Fake Wildlife Photos
By: Max Blakesberg
Max Blakesberg’s “fake wildlife photos” series is a compilation of fine art photography captured throughout 2017 and 2018 ranging over 2 continents and multiple different countries
Intertwined- My first full day in Kenya consisted of me and my family going to the David Sheldrick wildlife trust where we got to participate in a feeding time with the orphaned and rehabilitating elephants. I didn’t know really what to expect going into it as I had never gotten to take photos of animals this close before, but the moment we walked in to the reserve all rational thought went out the window and I was getting up close with these juvenile elephants taking as many photos as I could, as I was taking pictures I turned around and saw these two elephants wrap their trunks around each other in such an endearing way it was mind blowing. After getting these shots the first thought I had was “this trip is going to be ridiculous and we haven’t even been here 24 hours”
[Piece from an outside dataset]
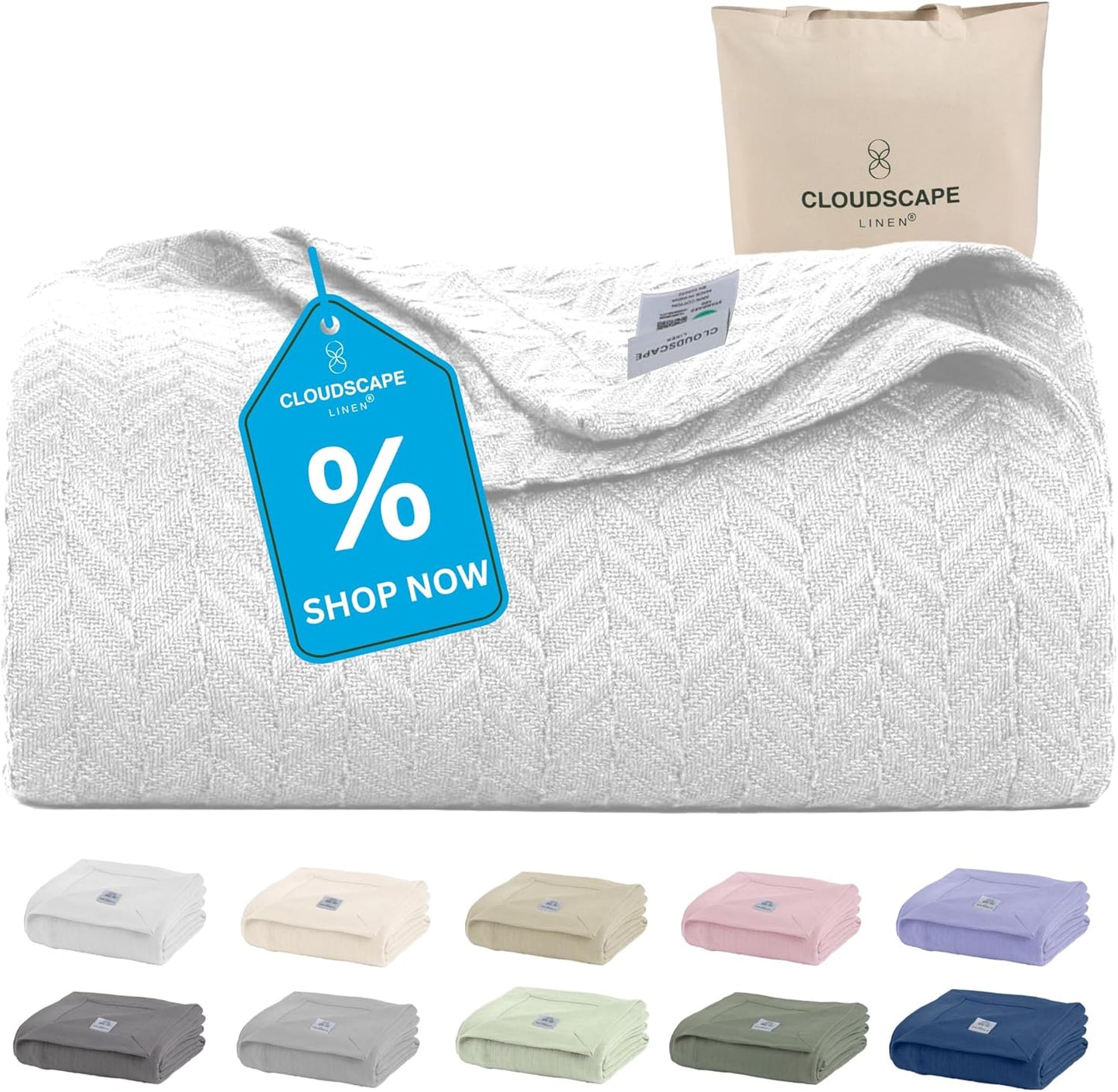 Cloud Scape Linen 100% Cotton Blanket for All Seasons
Perception- While continuing on the next leg of my journey in Africa I stayed in the Lewa wildlife reserve at a beautiful lodge named Sirikoi camp. Here we had local Samburu warriors as our guide for the next few days while beginning the official safari portion of the trip. Every day it was like walking straight into a scene from lion king, there was wild animals roaming in every direction, in this instance we were out on our morning tour when we stumbled across an adult elephant walking along a trail. I had asked the driver if we could get a bit closer and almost immediately after I said that the elephant looked up at us and stared as we moved closer. The entire time I was taking photos I was thinking to myself “I wonder how this creature perceives us?” It was giving us this inquisitive look the entire time that just gave off the impression it understood and almost enjoyed being watched.
Instinct- My final photo from Africa is one of my all time favorite photos I have ever taken. We were on our third and final stop of the safari portion of the trip, where we were staying in an area known as Masai Mara which is one of the most popular locations in Kenya. While beginning to settle down for the day with a large storm coming our guide ran over to our tents to tell us they had just spotted a Female leopard who had just had a fresh kill and this is a rare opportunity to see nature in its rawest form. Immediately I hopped into the Land Rover with lens and cameras in hand and we drove like madmen to where the leopard had last been seen. After searching around for a minute we spotted her, she had climbed a 20ft tree and was perched up there eating her fresh kill while balancing on a tree branch. I was freaking out, this was absolutely surreal, out of everything we had seen so far this was the wildest moment of the entire trip, and as I’m standing there taking photos she stops and proceeds to look up at me. Immediately all the hairs on the back of my neck stand up and I start feeling an adrenaline rush but without hesitation continue to take photos. Shortly after it began to storm and we returned to the campsite where I sorted through my photos and was in shock when I came across this shot. I don’t think I had ever been so excited about a photo before in my life.
Transcending- Photography is all about finding your niche, and for me I think I found taking photos of wildlife is mine, but I wanted to focus on something even more specific so over the last 8 months I’ve taken on underwater photography. Living in South Florida gives me a ton of opportunity to photograph underwater wildlife because I’m literally living 10 minutes from the beach. So after some time spent practicing I went out and began to take photos of turtles off the coast. This was my third time out photographing underwater and my first time using my own gear. After swimming around for 10 minutes I came across this lone turtle that seemed comfortable enough for me to get close and get some shots. While photographing the turtle it seemed like time was standing still, and that we weren’t even in water, but just floating in mid air. It was pretty spectacular getting to see this in person.
Apex- My final photo was a mixture of luck, timing and I want to say bravery (however I was definitely freaking out the entire time). This was my first time diving with sharks, without a cage or any means to protect myself. I had hopped in the water and was swimming around for under 5 minutes before out of the blue (literally) these giants began to swim out from the depths. I immediately began snapping photos and hoping I would accidentally bump into one of them while shooting. After a few minutes I got more comfortable around them and began to dive down, only 10 or 15 feet at a time to get a closer look. On the third dive down this guy just started creeping into the frame and I was able to get a few shots before coming back up for air. Once we got back on land I sorted through my shots and thought this was in a way comical, its as if he was just cruising by and happened to stop, say hi and proceed on his way. Since then I have become addicted to diving with these creatures, its such an amazing feeling being able to capture such ancient and massive creatures in their own habitat.
Meet the photographer-
My name is Max Blakesberg, I am a 22 year old photographer based in Boca Raton, Florida. I currently attend Florida Atlantic University where I am studying psychology. I began taking photos as a hobby when I was 12 years old, and at the time didn’t think much of it other then it being something fun to do. It wasn’t until after I took a trip to Patagonia in southern Chile that I realized this could be more than just a hobby. In the years following I began to create a diverse portfolio that gave me the opportunity to travel the world and capture unique experiences.